The A Word
BBCのシリーズで、イスラエルの番組をもとにしたものだとか。

舞台はイギリスの湖水地方の小さな町。そこでビール構造業を営むポールは妻のアリソン、娘のレベッカ、息子のジョー、および父親のモーリスと暮らしていたが、5歳のジョーがヘッドフォンで音楽ばかり聴いていて、家族や周囲の子供たちと打ち解けないことに困惑していた。そしてロンドンでの生活がうまくいかず故郷に戻ってきた弟のエディーの妻ニコラが医者だったこともあり、以前に彼女から紹介された専門家に診てもらったところ、ジョーには自閉症の傾向があることが分かり…というあらすじ。

第1話(から3話まで)の監督は「フル・モンティ」のピーター・カッタネオだがコメディにはなっておらず、かといって重々しい内容にもならず、自閉症の子供を抱えた一家の生活をテンポよく描いている。観る人は題名からしてジョーが自閉症(autism)であることは分かってるので話の前半はまどろっこしいところもあったけどね。

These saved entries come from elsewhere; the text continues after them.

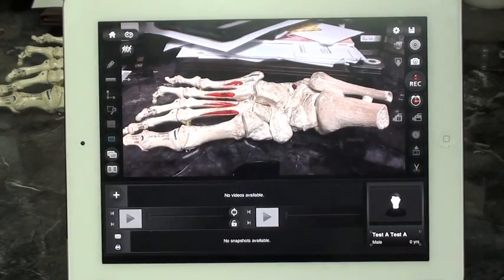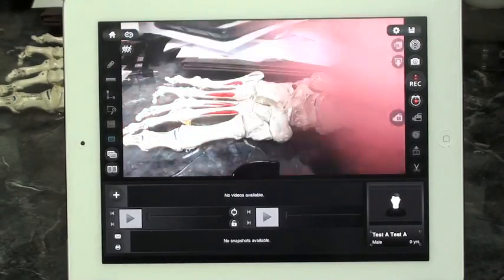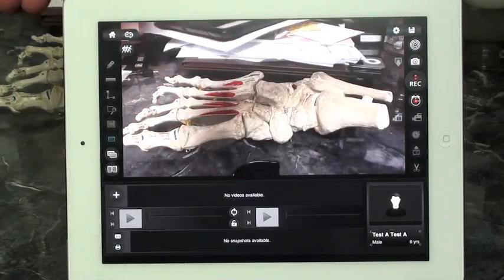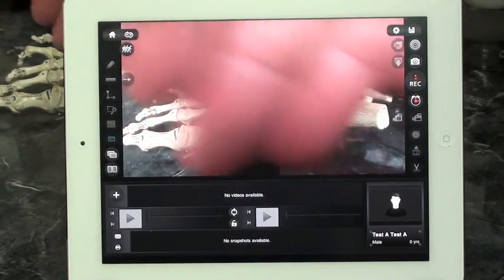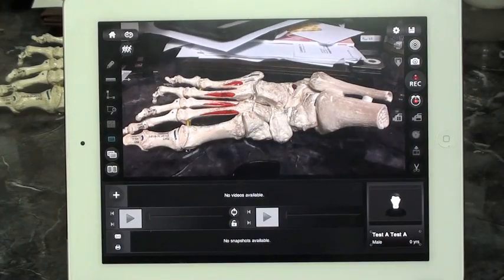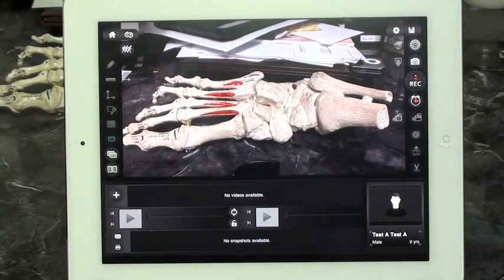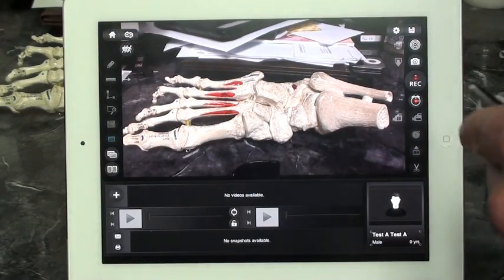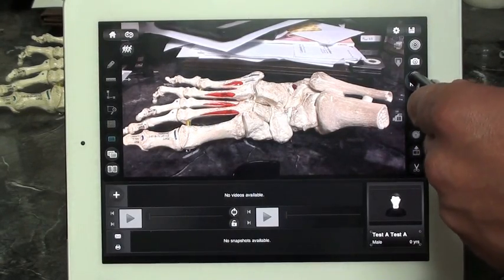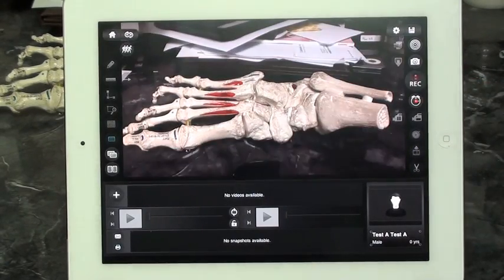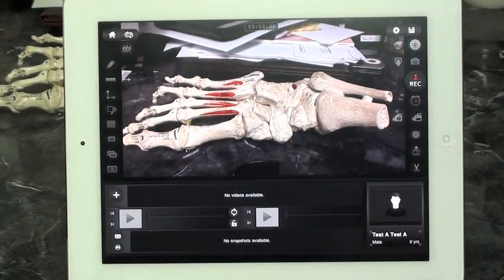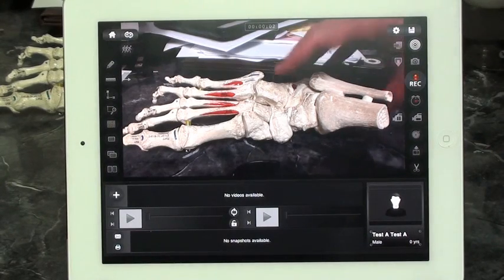After you set up your database, simply click on the folder and you'll get an active viewing screen. Hit the record button and it will immediately start recording. Hit the record button again to stop recording.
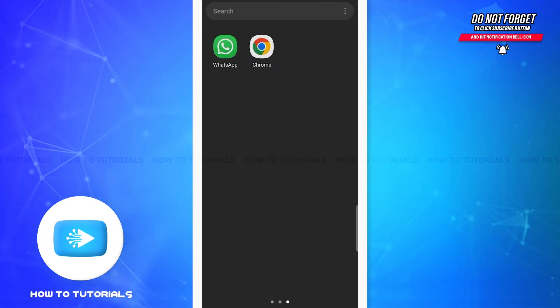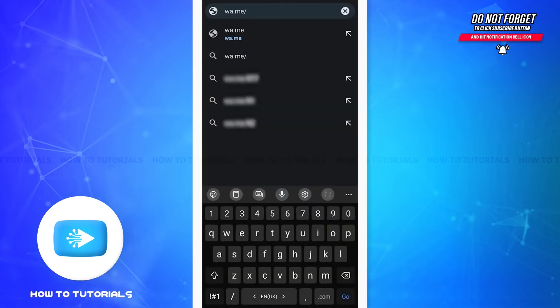First of all, open a new web browser on your phone. It can be Google Chrome, Mozilla Firefox, or any browser that's convenient for you. Once you open the browser, type this on its search bar: wa.me/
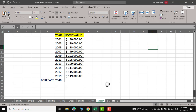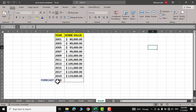Hello everyone. In today's video I'm going to show you how to make a forecast in Microsoft Excel. Suppose I have bought a house in 2001 worth $80,000 and I want to know what would be its worth in 2040. In between 2001 and 2040, this has been the worth of the house over the years.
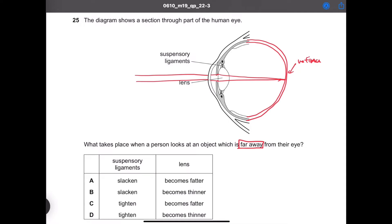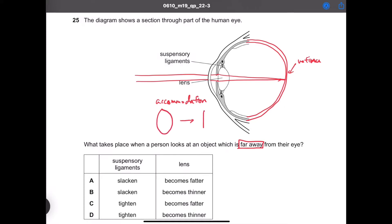The lens has to become thicker or thinner in order to refract more or less. This adjustment in the shape of the lens in order to focus the light coming from the object or environment is called accommodation. So lens becoming thicker or thinner is called accommodation.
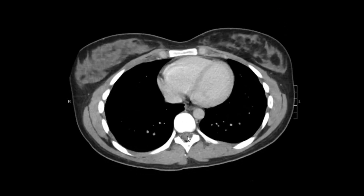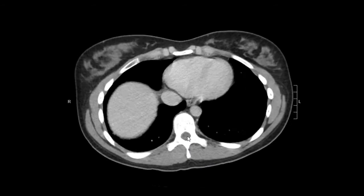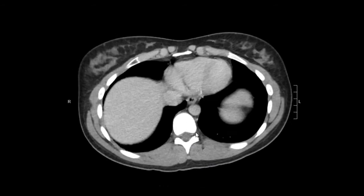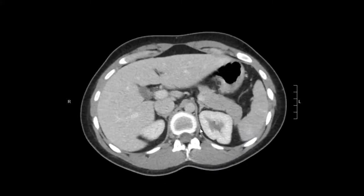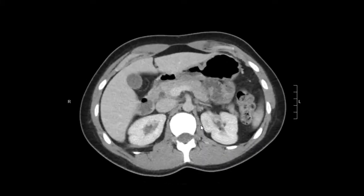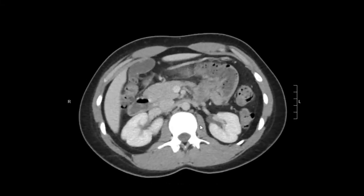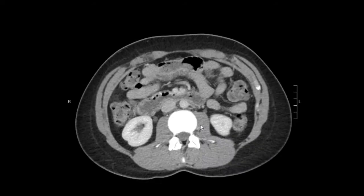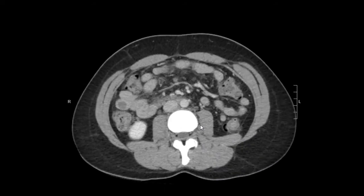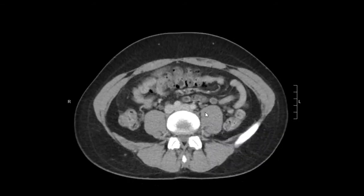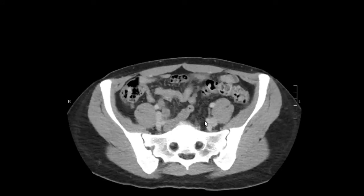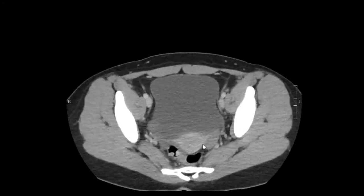Lastly, we're going to look through the spinal canal and the neuroforamina — the right and left neuroforamina. There's no obvious spinal canal narrowing or spinal cord mass, and that all looks good.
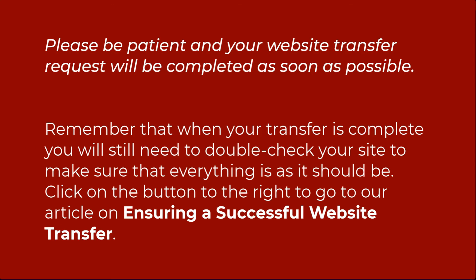Please be patient with a website transfer request. The website transfer team will finish it as soon as possible. When the migration is finished, you will be notified.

また話の焦点はジョーだけにあたらず、家庭で気にされてないと感じる娘のレベッカや、過去に不倫をしてエディーとよりを戻そうとするニコラの話などが、噂がすぐ広まる小さな町において語られていく。つうか湖水地方って一年中ずっと雨が降ってるところで自殺率もやたら高いし、なんであんなところに人は住むんですかね。でも自然の風景は美しいですよ。

キャストはそんなに知ってる人はいなかったが、一家の祖父であるモーリスを演じるのがクリストファー・エクルストン。この人最近やたらイギリスとアメリカ両方の番組に出演してるような?祖父を演じるには若すぎるような気もするが、家庭の空気を読まずに自ら積極的に行動するジイさんを好演している。また自閉症のジョーを演じるマックス・ヴェントの演技も大変素晴らしい。

ジョーはサヴァン症候群の天才などではなく、あくまでも周囲とコミュニケーションがとれない子供として描かれているが、彼が音楽を聴きまくり、その歌詞を暗唱できるのは周囲との壁をつくるためだという理由が話のなかで示唆されている。そして彼が聴いているのは父親のポールの好きなニューウェーブ系の音楽なのだが、5歳児がジュリアン・コープとかジ・オンリー・ワンズとか歌ってるんですぜ。ここらへんは製作者の趣味だろうか。

自閉症の描写がどこまで本物なのか俺にはわかりませんが、ガーディアン紙が実際に自閉症の娘がいる家庭に番組の感想を聞いてたりしてます(そこそこ正しいらしい)。全体的には手堅い作りの番組ですかね。第2シーズンも製作されるらしいぞ。